- Country: Argentina
- Branch: Argentine Army
- Type: Mountain infantry
- Size: Brigade
- Part of: 2nd Army Division
- Garrison/HQ: Mendoza, Argentina
- Patron: Brigadier General Toribio de Luzuriaga
- Engagements: Operativo Independencia Falklands War

= VIII Mountain Brigade =

The 8th Mountain Infantry Brigade (Brigada de Montaña 8/VIII) is a one of three combined mountain infantry brigade Argentine Army (EA) specialised in combat patrol in mountain forest terrain, combined arms, and mountain warfare.

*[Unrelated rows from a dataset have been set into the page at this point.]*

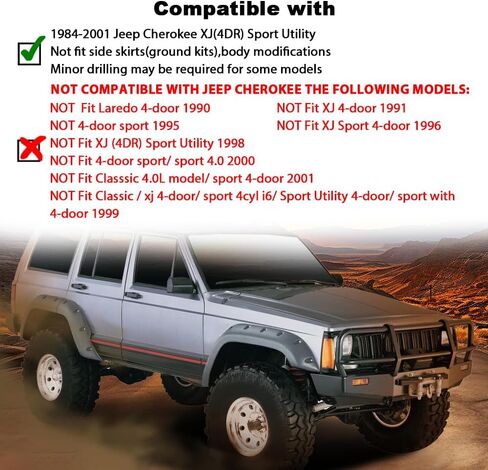 G-PLUS Fender Flares متوافقة مع نماذج المرافق الرياضية Jeep Cherokee XJ ذات 4 أبواب 1984-2001/ غير مناسبة للنماذج مع التنانير الجانبية (الأطقم الأرضية) وبرشام الجيب المزخرف لتعديل الجسم 6 قطع in Kuwait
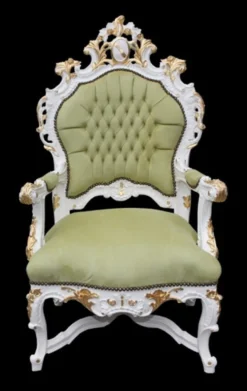 Casa Padrino Barock Luxus Thron Sessel Grün Weiss Gold - Handgefertigter Königssessel aus Massivholz - 141 x 80 x 78 cm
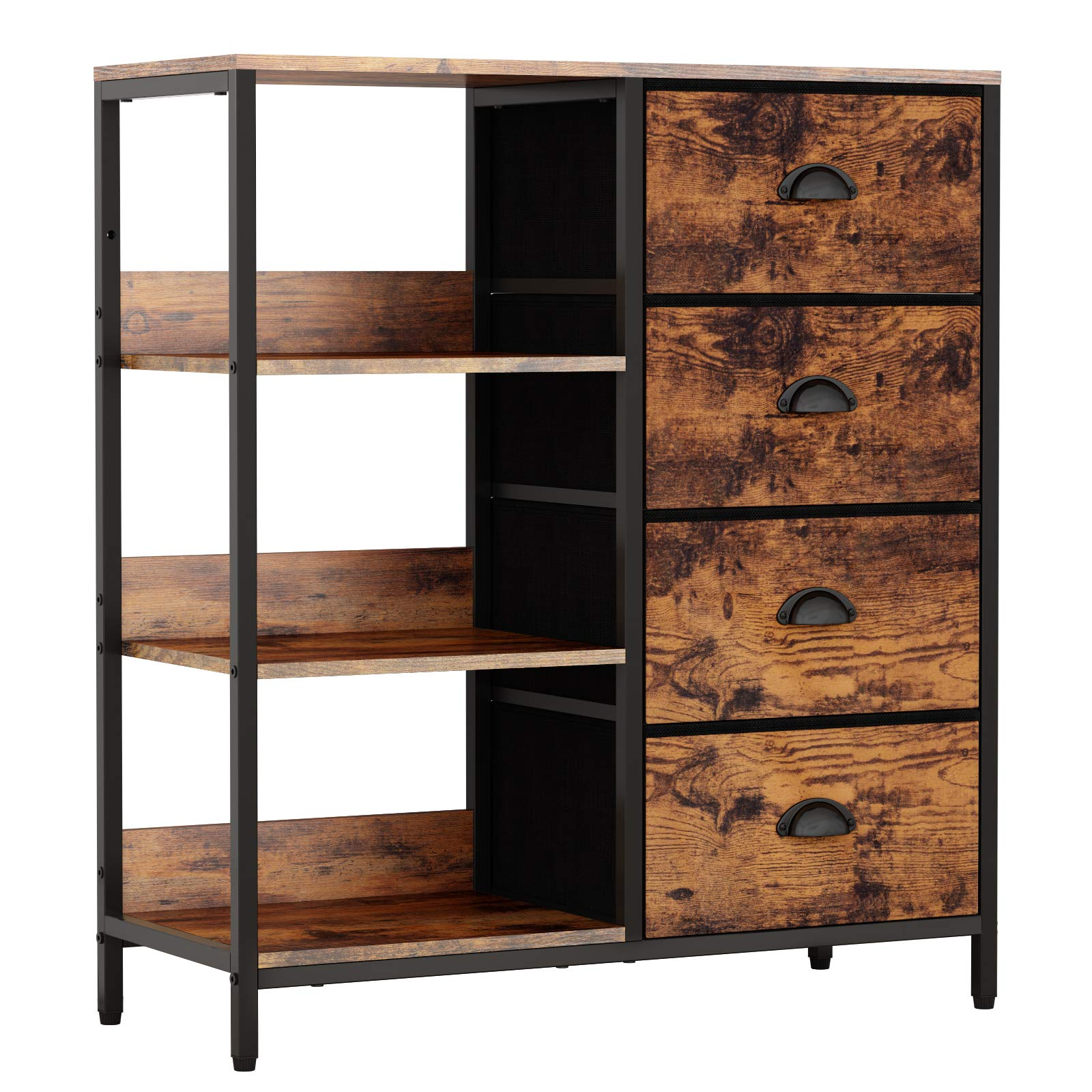 Fabric Dresser with 4 Drawers and Side Shelf,Industrial Lightweight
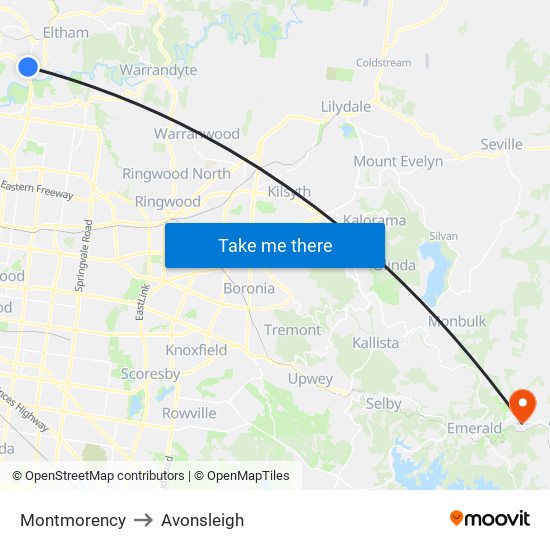 Montmorency to Avonsleigh map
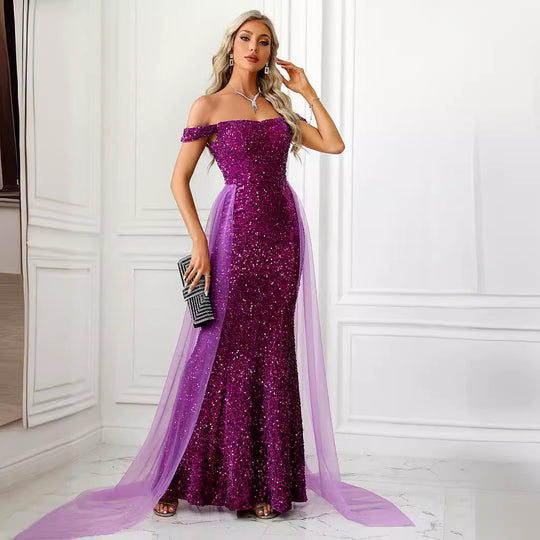 Damen Glamouröses Abendkleid mit schimmerndem Glitzer und Tüllakzenten EB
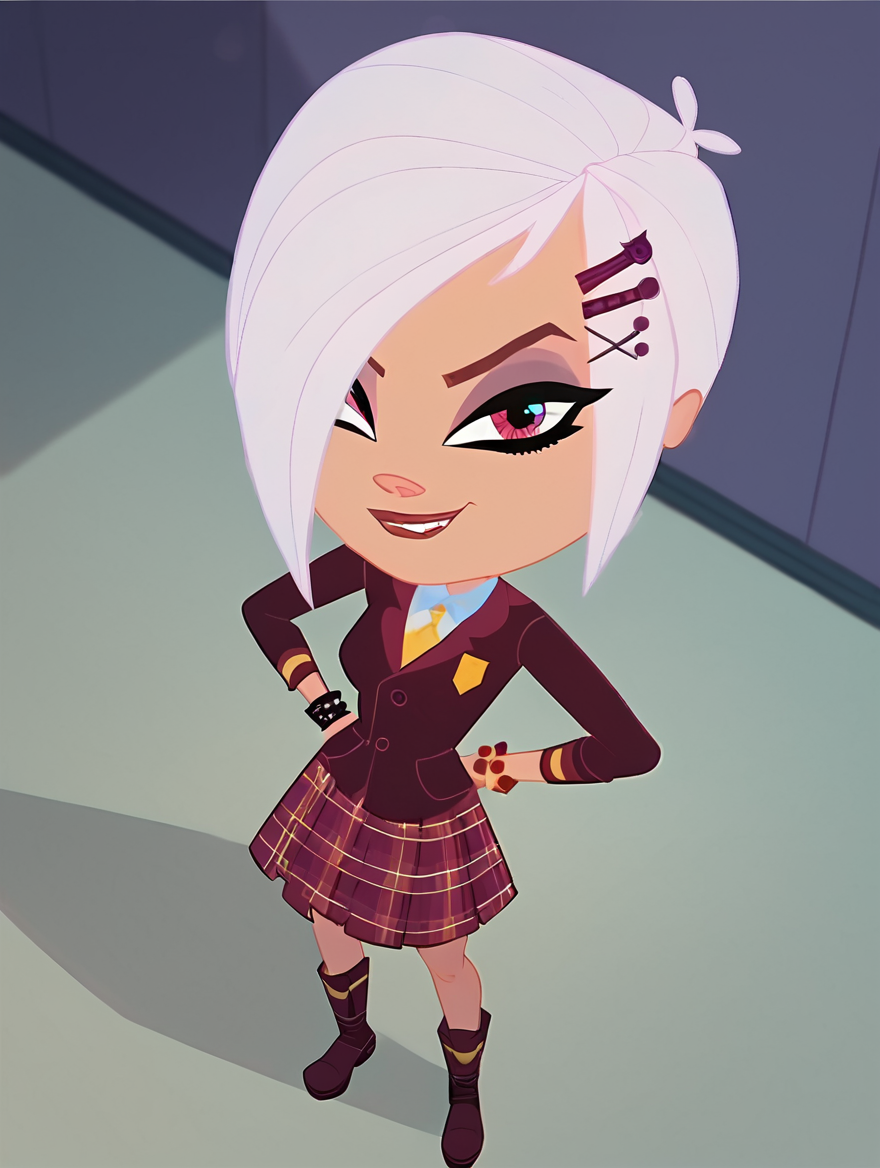 <lora:BrittanyBiskitMazzmer:1> 1 girl, brittanybiskit, smirk, lens effect, purple eyes, school hallway, high angle shot, skirt,  plaid skirt in burgundy and yellow lines, matching burgundy boots, looking at viewer, score_9, score_8_up, score_7_up, score_6_up, score_5_up, score_4_up,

The headquarters of the Brigade is based on Mendoza, Mendoza Province. Is formed by different types of mountain units:

== Order of battle ==
- 11th Mountain Infantry Regiment "General Las Heras", based at Tupungato, Mendoza Province.
- 16th Mountain Infantry Regiment "Cazadores de Los Andes", based at Uspallata, Mendoza Province.
- 22nd Mountain Infantry Regiment "Teniente Coronel Juan Manuel Cabot", based at El Marquesado, San Juan Province.
- 8th Mountain Cazadores Company "Teniente 1ro Ibañez", based at Puente del Inca, Mendoza Province.
- 15th Light Cavalry Regiment "Libertador Simón Bolívar", based at Campo de los Andes, Mendoza Province.
- 8th Mountain Artillery Group "Coronel Regalado de la Plaza", based at Uspallata, Mendoza Province.
- 7th Artillery Group, San Luis, San Luis Province.